** Material for the task follows **
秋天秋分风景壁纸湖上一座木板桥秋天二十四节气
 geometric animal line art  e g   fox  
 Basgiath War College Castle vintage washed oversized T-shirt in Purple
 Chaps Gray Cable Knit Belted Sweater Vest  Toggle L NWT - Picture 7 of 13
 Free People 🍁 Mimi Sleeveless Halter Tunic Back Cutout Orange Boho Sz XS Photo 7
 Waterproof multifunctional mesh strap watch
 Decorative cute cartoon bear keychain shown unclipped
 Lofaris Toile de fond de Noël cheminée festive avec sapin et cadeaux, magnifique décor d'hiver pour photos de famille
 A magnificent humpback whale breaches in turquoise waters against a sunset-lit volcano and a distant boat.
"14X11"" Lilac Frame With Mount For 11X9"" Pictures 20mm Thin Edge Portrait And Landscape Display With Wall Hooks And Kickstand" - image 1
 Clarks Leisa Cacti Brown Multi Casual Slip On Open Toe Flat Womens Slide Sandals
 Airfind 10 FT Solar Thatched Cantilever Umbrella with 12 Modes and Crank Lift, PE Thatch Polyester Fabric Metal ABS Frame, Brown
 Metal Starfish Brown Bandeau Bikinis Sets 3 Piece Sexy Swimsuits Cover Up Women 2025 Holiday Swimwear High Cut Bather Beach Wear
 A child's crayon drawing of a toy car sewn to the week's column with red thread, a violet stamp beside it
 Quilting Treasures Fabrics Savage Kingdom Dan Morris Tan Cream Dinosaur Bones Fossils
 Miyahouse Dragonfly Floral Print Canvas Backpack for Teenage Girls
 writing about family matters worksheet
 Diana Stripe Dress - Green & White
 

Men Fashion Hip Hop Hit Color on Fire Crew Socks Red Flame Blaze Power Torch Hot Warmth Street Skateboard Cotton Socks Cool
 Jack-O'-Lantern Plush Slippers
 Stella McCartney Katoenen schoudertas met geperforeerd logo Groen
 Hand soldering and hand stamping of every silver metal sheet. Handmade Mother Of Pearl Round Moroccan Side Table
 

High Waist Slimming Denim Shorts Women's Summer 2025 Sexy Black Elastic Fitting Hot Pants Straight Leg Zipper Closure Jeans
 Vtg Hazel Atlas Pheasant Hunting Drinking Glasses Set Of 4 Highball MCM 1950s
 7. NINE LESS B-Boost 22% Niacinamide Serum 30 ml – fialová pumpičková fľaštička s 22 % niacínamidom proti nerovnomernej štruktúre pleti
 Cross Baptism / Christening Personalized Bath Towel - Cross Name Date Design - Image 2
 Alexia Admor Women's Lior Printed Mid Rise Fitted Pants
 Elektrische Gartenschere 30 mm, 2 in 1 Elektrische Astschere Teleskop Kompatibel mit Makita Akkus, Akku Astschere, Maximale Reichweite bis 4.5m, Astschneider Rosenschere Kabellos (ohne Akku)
** End of Material for the task **
#### What the task requires
Filter the records above for "Frame" and copy every matching line.

#### Response
"14X11"" Lilac Frame With Mount For 11X9"" Pictures 20mm Thin Edge Portrait And Landscape Display With Wall Hooks And Kickstand" - image 1
 Airfind 10 FT Solar Thatched Cantilever Umbrella with 12 Modes and Crank Lift, PE Thatch Polyester Fabric Metal ABS Frame, Brown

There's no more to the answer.